EXTRACTED RECORDS -
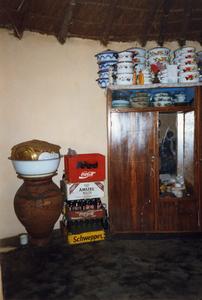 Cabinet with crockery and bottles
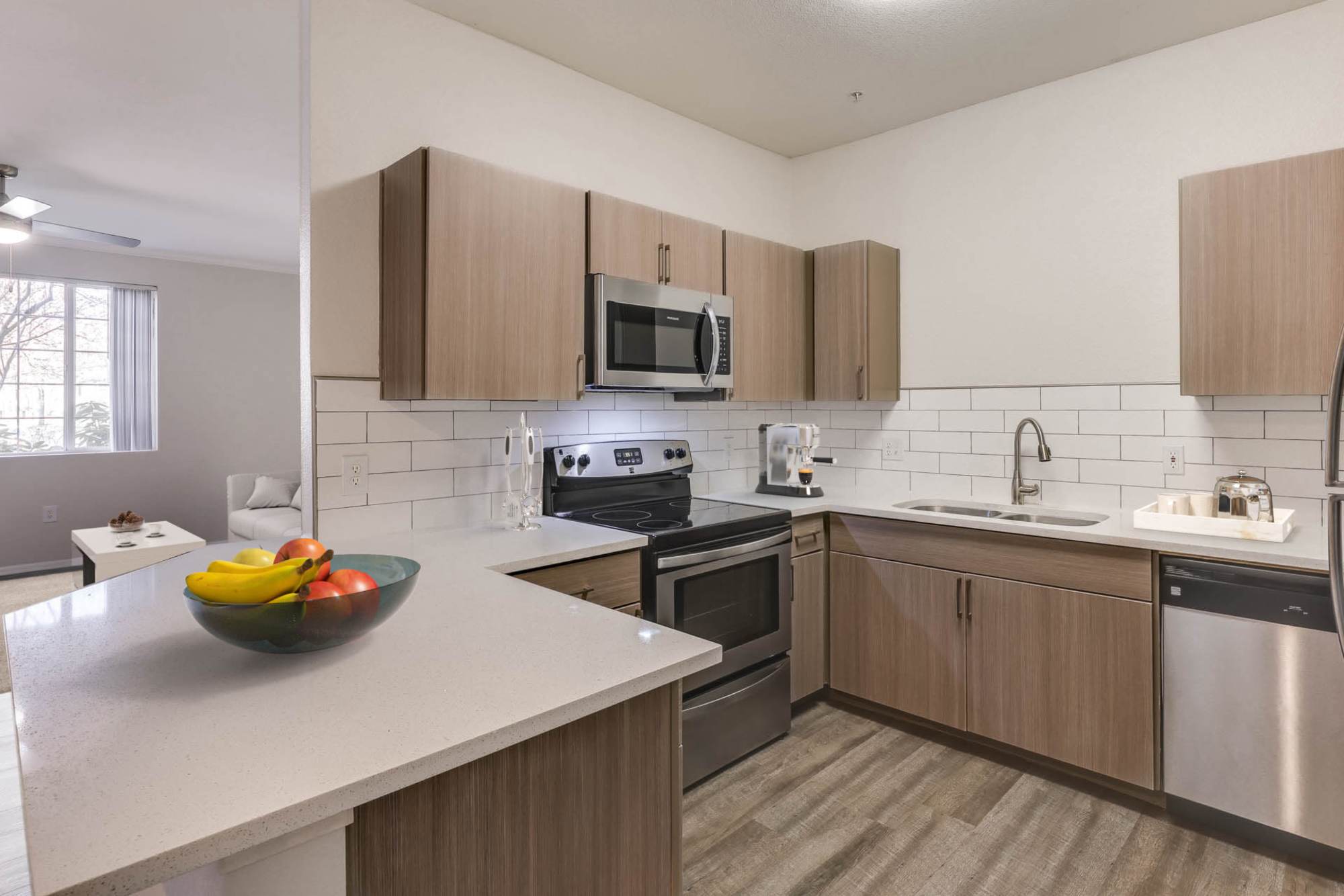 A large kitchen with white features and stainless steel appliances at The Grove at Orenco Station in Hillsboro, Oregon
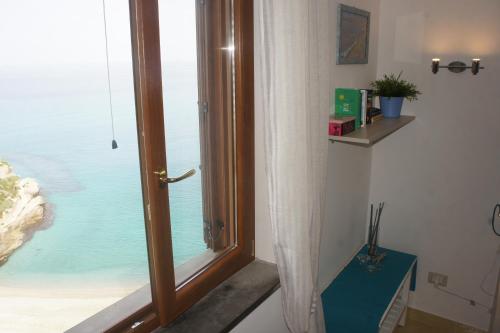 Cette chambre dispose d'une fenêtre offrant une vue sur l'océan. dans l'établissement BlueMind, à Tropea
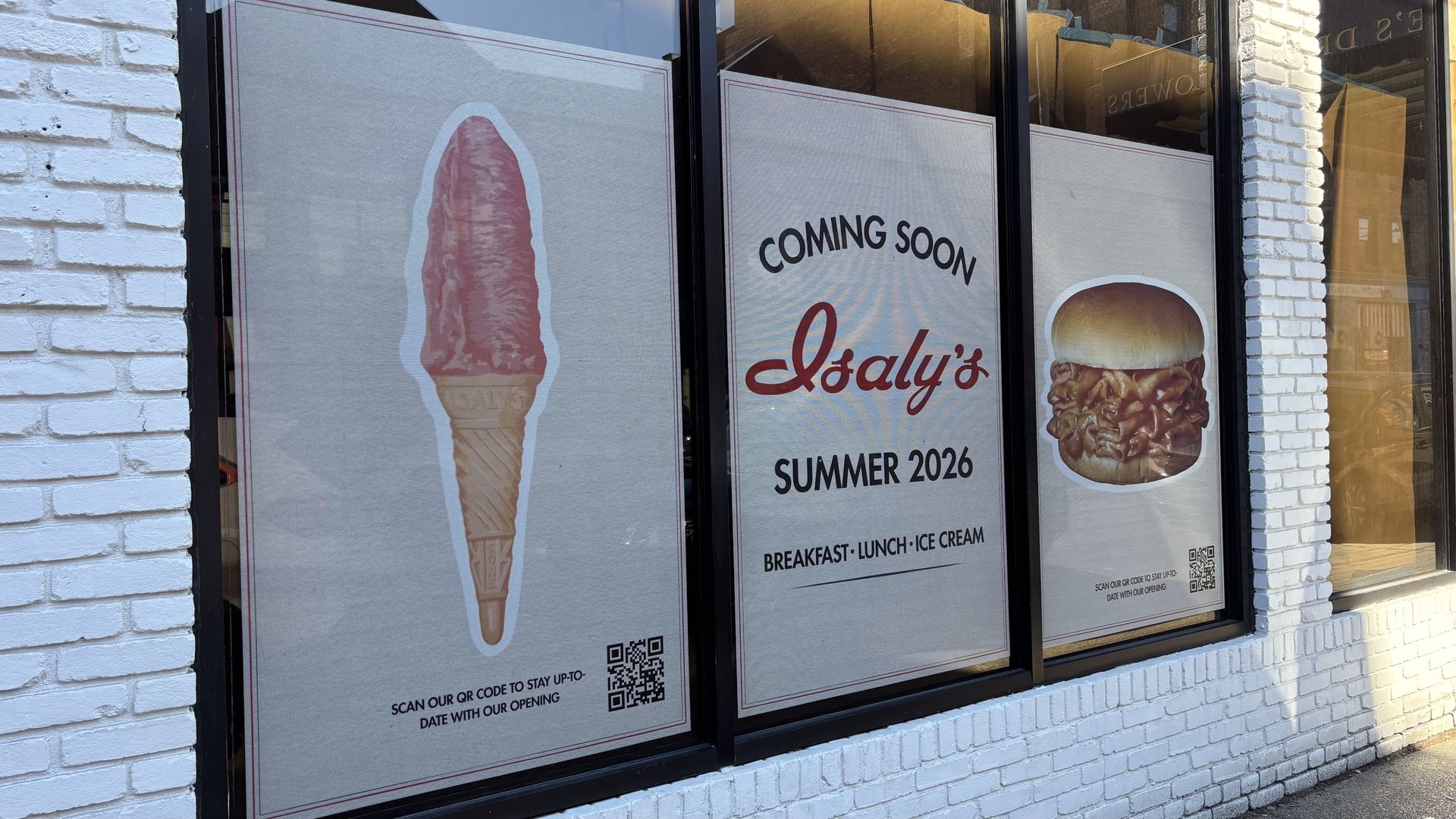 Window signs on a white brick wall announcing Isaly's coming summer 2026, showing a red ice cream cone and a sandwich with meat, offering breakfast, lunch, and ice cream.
...
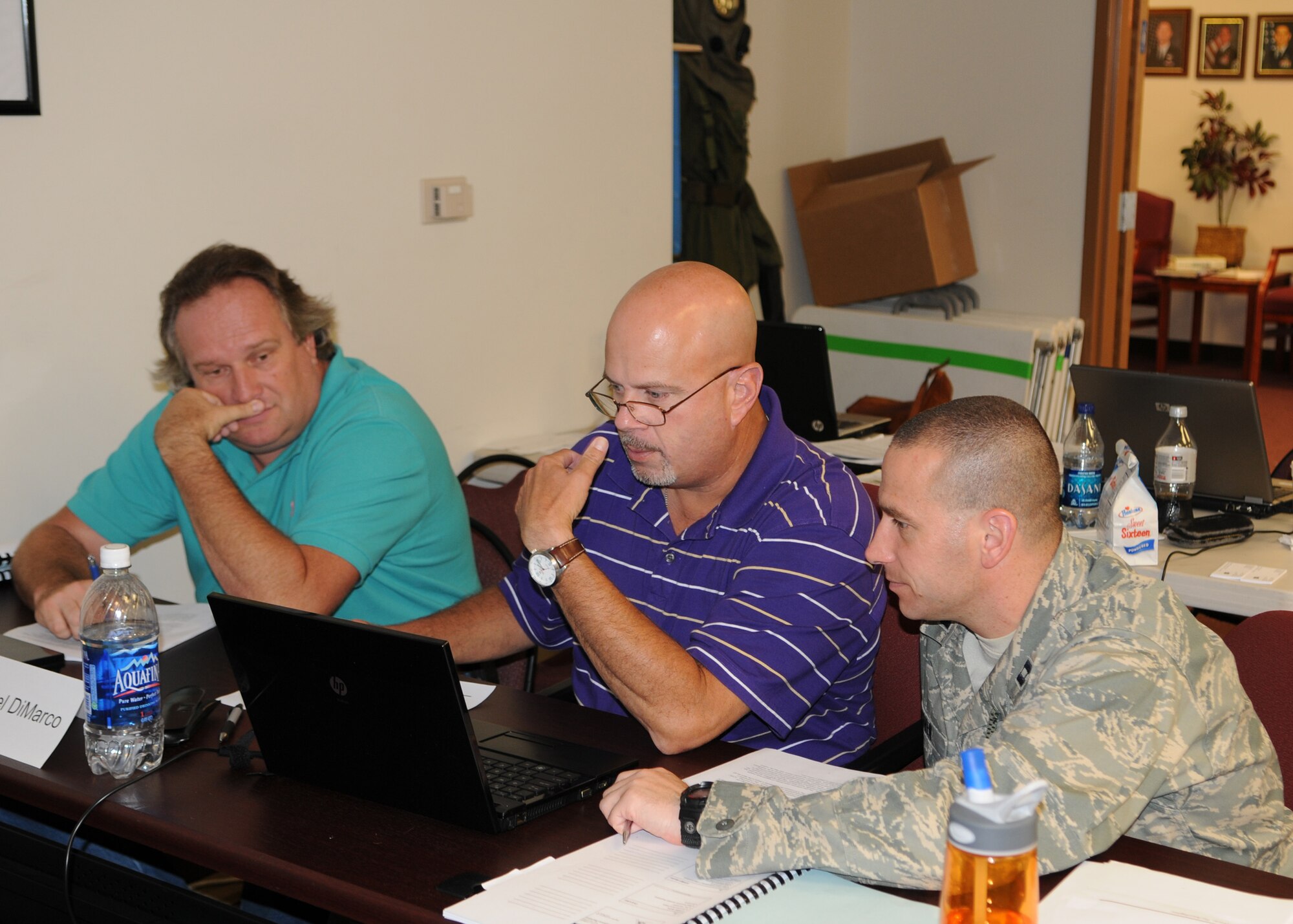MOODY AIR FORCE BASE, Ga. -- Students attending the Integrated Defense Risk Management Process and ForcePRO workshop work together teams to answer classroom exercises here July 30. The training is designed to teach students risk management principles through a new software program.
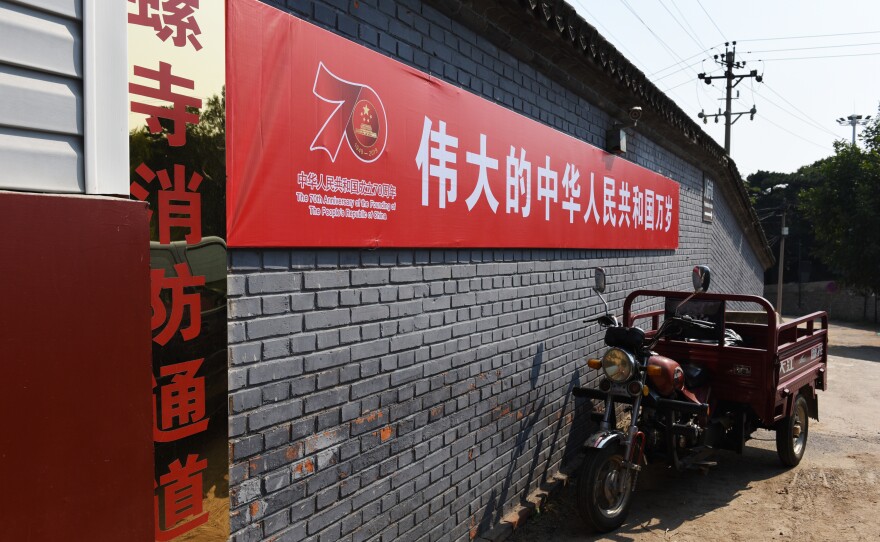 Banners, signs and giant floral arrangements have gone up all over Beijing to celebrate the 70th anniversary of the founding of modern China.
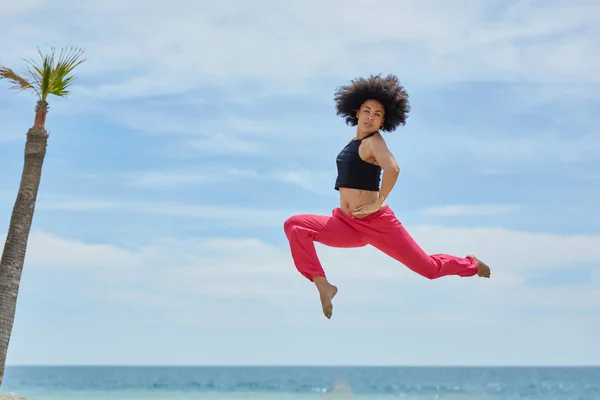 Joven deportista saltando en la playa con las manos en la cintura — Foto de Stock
---
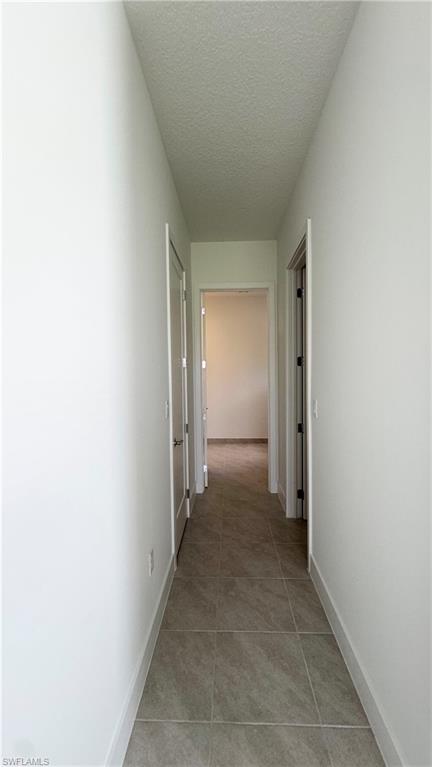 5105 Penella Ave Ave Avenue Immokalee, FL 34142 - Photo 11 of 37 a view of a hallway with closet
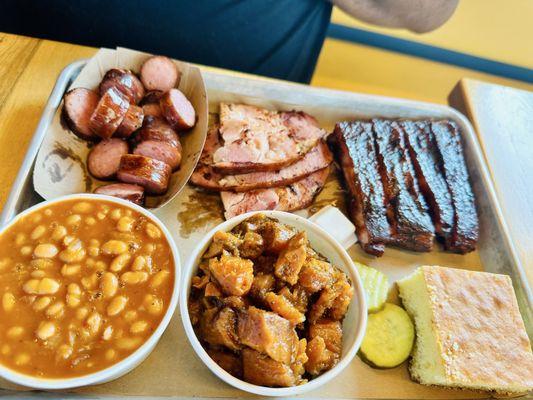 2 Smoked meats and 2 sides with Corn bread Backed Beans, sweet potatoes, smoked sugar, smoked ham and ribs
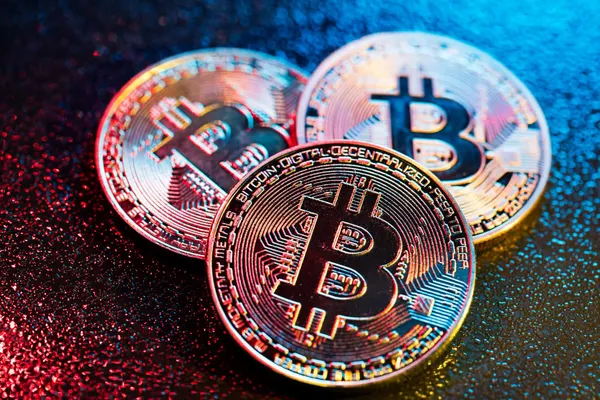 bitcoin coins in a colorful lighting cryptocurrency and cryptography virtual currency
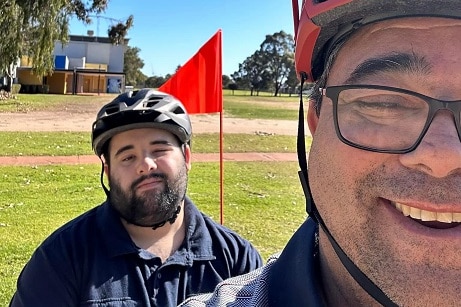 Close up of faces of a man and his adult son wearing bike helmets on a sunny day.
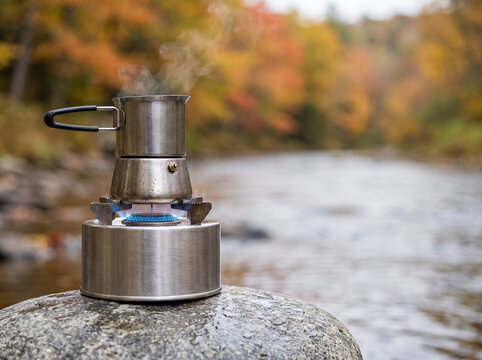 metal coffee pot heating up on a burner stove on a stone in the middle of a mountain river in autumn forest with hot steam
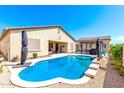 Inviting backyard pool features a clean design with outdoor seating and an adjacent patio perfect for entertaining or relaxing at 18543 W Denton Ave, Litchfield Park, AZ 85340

EXERCISE AIM - Nothing except the lines from the one containing "Close up of" through the one containing "Inviting backyard pool" should appear in the answer, exactly as above and without pictures.

REPLY -
 Close up of faces of a man and his adult son wearing bike helmets on a sunny day.
 metal coffee pot heating up on a burner stove on a stone in the middle of a mountain river in autumn forest with hot steam
 Inviting backyard pool features a clean design with outdoor seating and an adjacent patio perfect for entertaining or relaxing at 18543 W Denton Ave, Litchfield Park, AZ 85340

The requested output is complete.